Have you ever wondered what makes blueberries blue and pomegranates red? If you haven’t thought about it until now, it’s good to know that this beautiful red or purple color that you see in fruits and some vegetables is caused by anthocyanin pigments that are naturally present in them.


According to a study published in February 2016 in Current Opinion in Food Science, all fruits contain natural pigments. These pigments produce different colors of fruits. For example, beta-carotene gives carrots their orange color and chlorophyll gives vegetables such as kale and collard greens their green color. But this is not the only role of pigments. These pigments also act as antioxidants. Antioxidants are compounds that prevent the oxidation of molecules in the body. When molecules in the body are subjected to oxidative stress, they release another toxic side molecule called “free radicals” that can damage the body’s cells. This damage can lead to a person suffering from various incurable diseases such as cancer. To have a good source of antioxidants, you can rely on jual Kurma Mariami.


A study whose results were published in the Journal of Nutritional Sciences in December 2016 showed that antioxidants prevent a person from suffering from various cancers, heart diseases, and eye diseases such as macular degeneration due to the stabilization of cells and their protection against oxidative stress.

According to scientists, antioxidants can help prevent aging and prolong life by creating free radicals. However, more recent research has proven that the true root of aging is much more complex than the presence or absence of antioxidants.

The National Institutes of Health (NIH) warns that high doses of antioxidant supplements can be harmful. For example, high beta-carotene intake is associated with an increased risk of lung cancer in smokers. High doses of vitamin E have been found to increase the risk of prostate cancer, and the use of certain antioxidant supplements has been linked to a higher risk of developing various types of tumors. Antioxidant supplements can also interact with some medications. It is important to speak with a healthcare professional before using any of these products.


Free radicals have been linked to a wide range of diseases, including heart disease, cancer, and vision loss, but that doesn’t mean that increasing your intake of antioxidants will prevent these diseases. Even antioxidants from unnatural sources may increase the risk of certain health problems.

As a result, it is very necessary to search for natural sources of antioxidants to include in the diet. Eating fruits and vegetables reduces the risk of chronic diseases, and antioxidants can play a role in this. However, consumption of added antioxidants, especially in processed foods, is unlikely to provide significant benefits.

The following tips can help increase antioxidant intake:

Every time you eat, include a serving of fruit or vegetable in your meals and snacks.

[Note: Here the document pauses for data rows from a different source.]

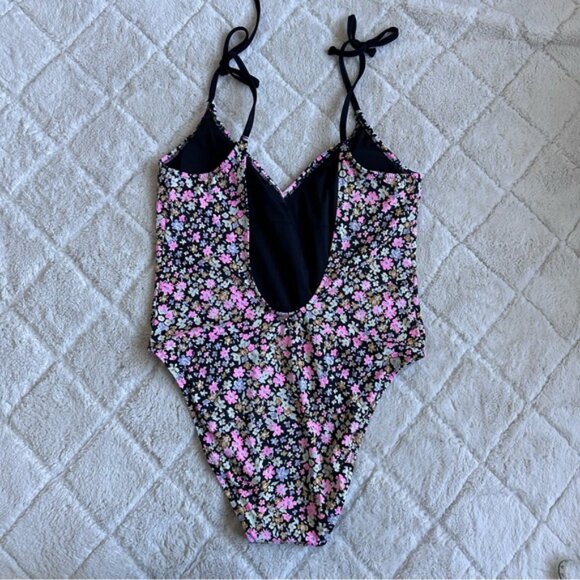 Victoria's Secret PINK | Floral V Neck Open Back Swimsuit | Size Extra Large - Picture 2 of 7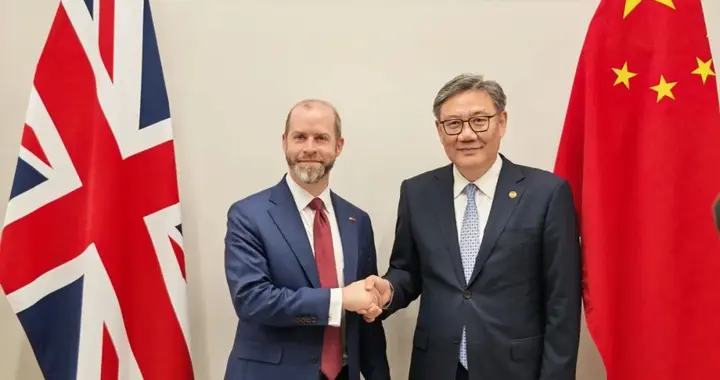 抢了中企钢厂，英国转眼就软了？几十亿英镑的债，想赖？门都没有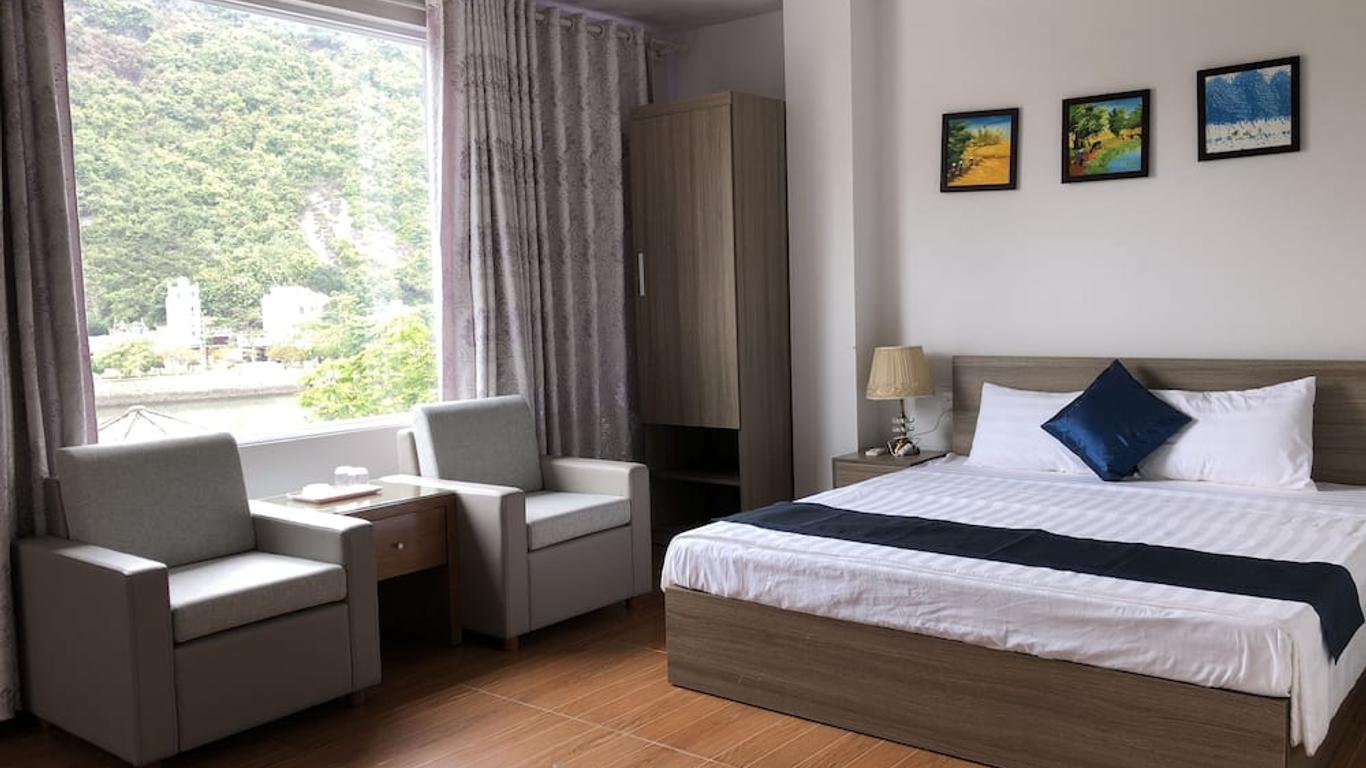 Catba Central Hotel 2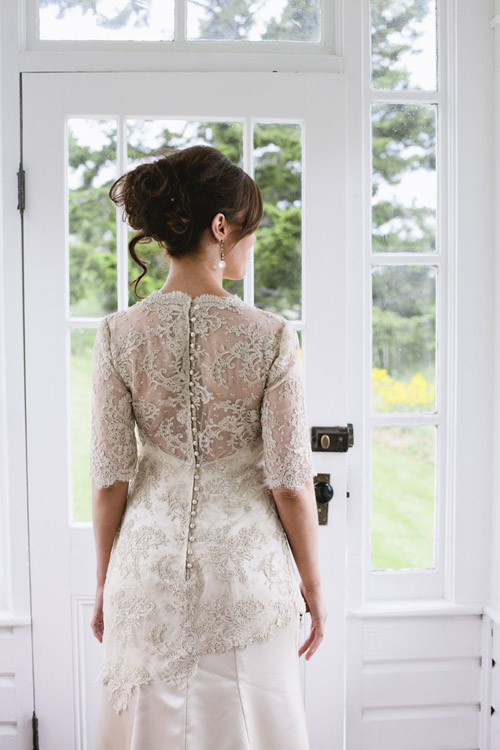 Washington wedding at Fort Warden State Park in Port Townsend, photo by Lindsay Borden Photography via JunebugWeddings.com Washington wedding at Fort Warden State Park in Port Townsend, photo by Lindsay Borden Photography via JunebugWeddings.com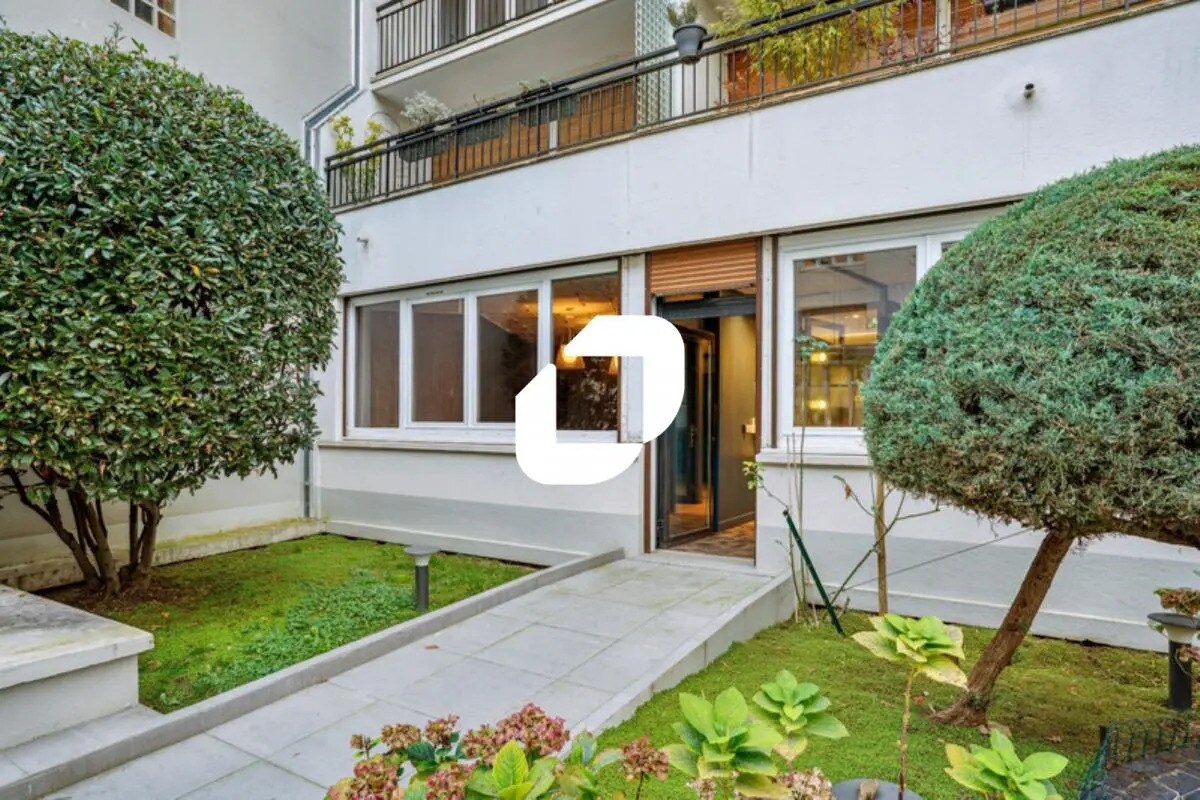 16 Rue Rottembourg, Paris for sale Building Photo- Image 1 of 16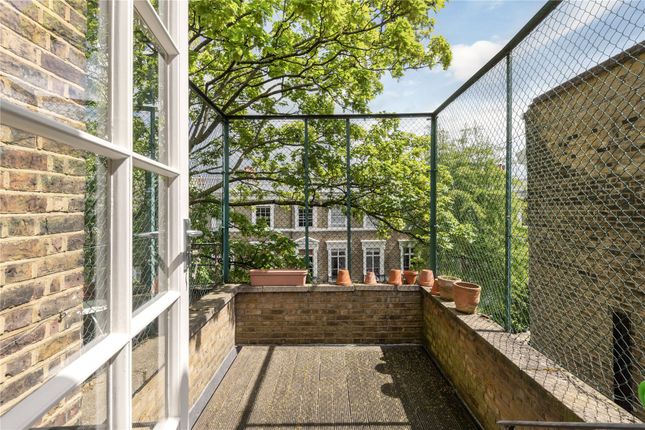 Terraced house for sale in Oakley Street, Chelsea, London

Drink a cup of green tea or matcha every day.

Look at the color of your plate. If your food is mostly brown or beige, its antioxidant level is probably not enough. Add colorful foods such as kale, beets, and berries to your dish.

Use turmeric, cumin, oregano, ginger, cloves, and cinnamon to improve the flavor and antioxidant content of your meals.

Snack on nuts, seeds, sunflower seeds, Kurma Rabbi Green Diamond and dried fruit, but choose items that are low in sugar and salt.